Otro punto es el de la supuesta necesidad de garantizar la rentabilidad a las inversiones existentes o en ejecución, con preferencia sobre las que estarían por venir. No resulta claro por qué motivos una hostería cuyos servicios deficientes y caros no satisfacen a los pasajeros debería continuar operando en detrimento de otra más eficiente, simplemente por haberse instalado antes. Por el contrario, sería más razonable que fueran los clientes quienes decidieran, “votando” con sus decisiones de consumo a favor de los establecimientos que se esmeren en alcanzar estándares de calidad superiores. Si este fuera el criterio, con el acompañamiento de políticas adecuadas, el resultado sería muy probablemente una mejora general de la competitividad de nuestra oferta turística, lo que además contribuiría a fortalecerla para el momento en que las ventajas del tipo de cambio se atenúen o incluso desaparezcan.

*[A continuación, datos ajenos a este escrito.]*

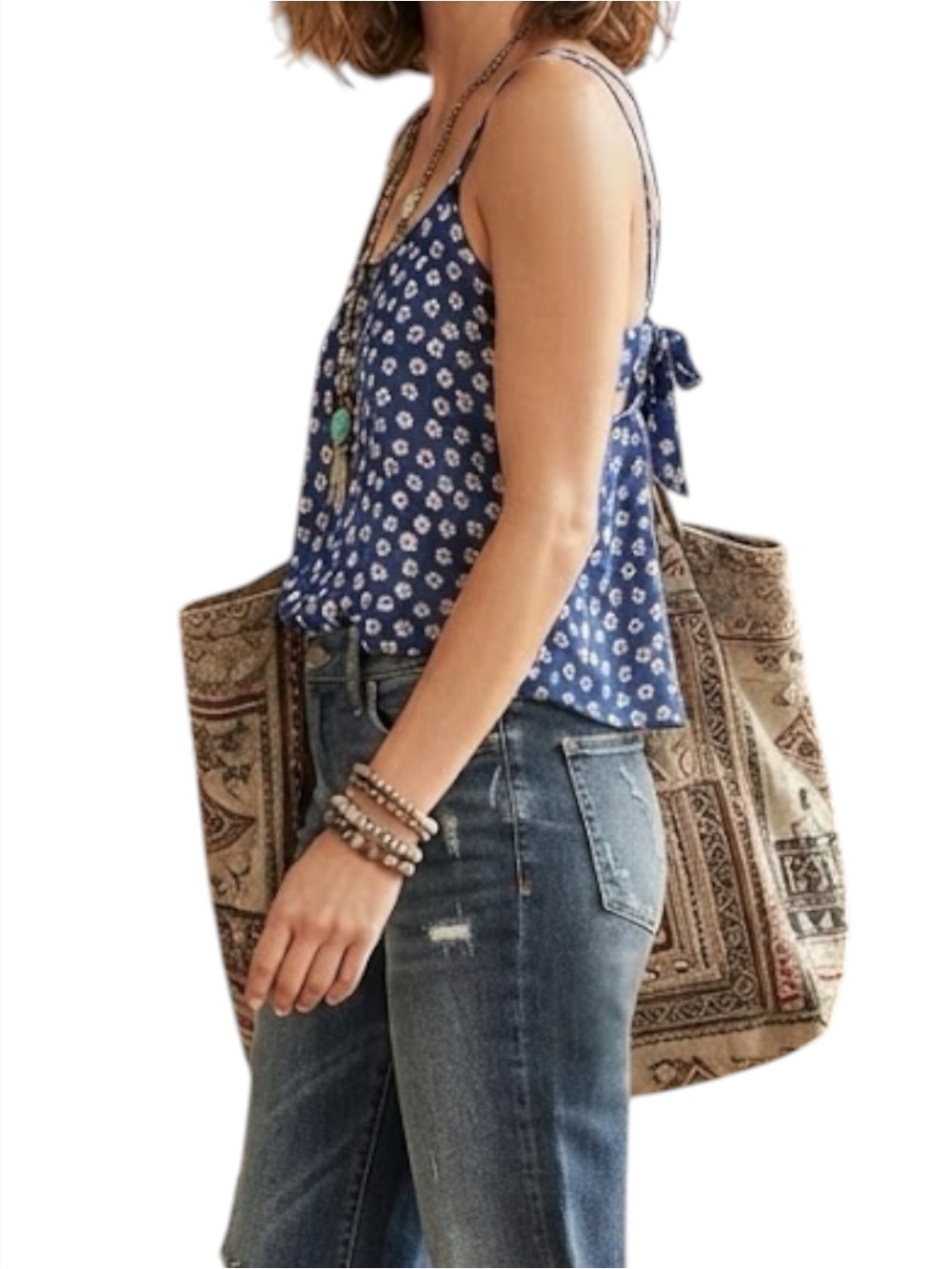ANTHROPOLOGIE E HANGAR M Daisy Print Open-Back Tank Cottagecore Small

Además, ¿por qué garantizar la rentabilidad de los hoteleros y no, por ejemplo, la de los peluqueros o los panaderos? ¿Qué pensaríamos si un funcionario propusiera que se prohíba la radicación de nuevas ferreterías?
Hay que reconocer que el asunto es de una indudable complejidad. Factores como la disponibilidad de tierras, la infraestructura de energía y otros servicios y las tarifas del transporte aéreo, entre otros, constituyen condicionantes severos para las decisiones gubernamentales. Sin embargo, es dudoso que las soluciones se encuentren en el sendero de la restricción a la inversión privada, motor principal de todo proceso de crecimiento. Tampoco provendrán de tutelajes oficiales que pretendan instaurar “cotos” exclusivos, lo cual —además de injustamente discrecional— es ineficaz, como lo prueba la historia económica argentina.